African rulers should go beyond the shedding of crocodile tears over the lynching of George Floyd and recognize that the police forces imposed by colonizers were designed to kill Africans in genocidal proportions. Decolonize the police and prisons in Africa!
Michael Vick’s dogs surely got more justice than poor African Americans because if the police lynched a dog the way they lynched George Floyd, Michael Brown, Eric Garner, Breonna Taylor, Tamir Rice, etc, etc, there would be more outrage.
The war on drugs must end
so police officers cannot claim as ‘probable cause’, the testimony by Darren
Wilson that Mike Brown’s stockings had the images of green marijuana leaves
painted on them.

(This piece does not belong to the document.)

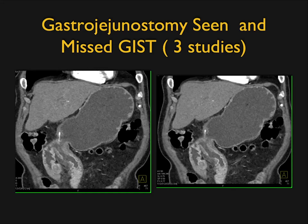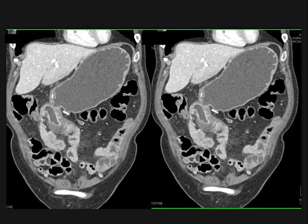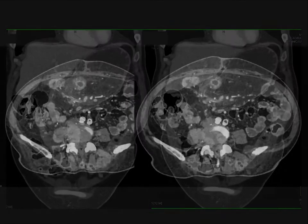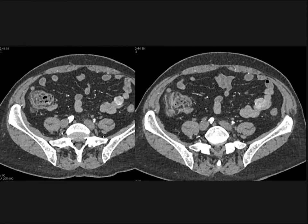Sometimes GIST tumors are just there incidentally. This patient had a gastrojejunostomy; everything looks good, but look at the duodenum — there's a 2 cm GIST tumor. We missed that on three prior studies. It washes out quickly and is hard to see, but it's there. It's easy to miss GIST tumors. Here's another example showing exactly how these tumors can be missed: on the early phase imaging it's very hard to see a mass, but on the venous phase you see that 2 cm mass in the proximal ileum on the left side — exophytic and vascular.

Marijuana remains medicinal and much safer than alcohol and
tobacco that kill hundreds of thousands annually while 800,000 Americans are arrested yearly for marijuana possession but no one ever died from marijuana use. No one should die from mere allegations of fraud while pleading with his co-worker of many years of nightclub security job:
"It's my face man
I didn't do nothing serious man
please
please
please I can't breathe
please man
please somebody
please man
I can't breathe
I can't breathe
please
(inaudible)
man can't breathe, my face
just get up
I can't breathe
please (inaudible)
I can't breathe sh*t
I will
I can't move
mama
mama
I can't
my knee
my nuts
I'm through
I'm through
I'm claustrophobic
my stomach hurt
my neck hurts
everything hurts
some water or something
please
please
I can't breathe officer
don't kill me
they gon' kill me man
come on man
I cannot breathe
I cannot breathe
they gon' kill me
they gon' kill me
I can't breathe
I can't breathe
please sir
please
please
please I can't breathe"
And they claimed that he was resisting arrest! Was Elijah McClain also resisting arrest when he was lynched by officers despite his politeness and appeals to their common humanity?
Decolonize Policing! Decolonize Prisons! Demilitarize the earth. Let your people go! Protest!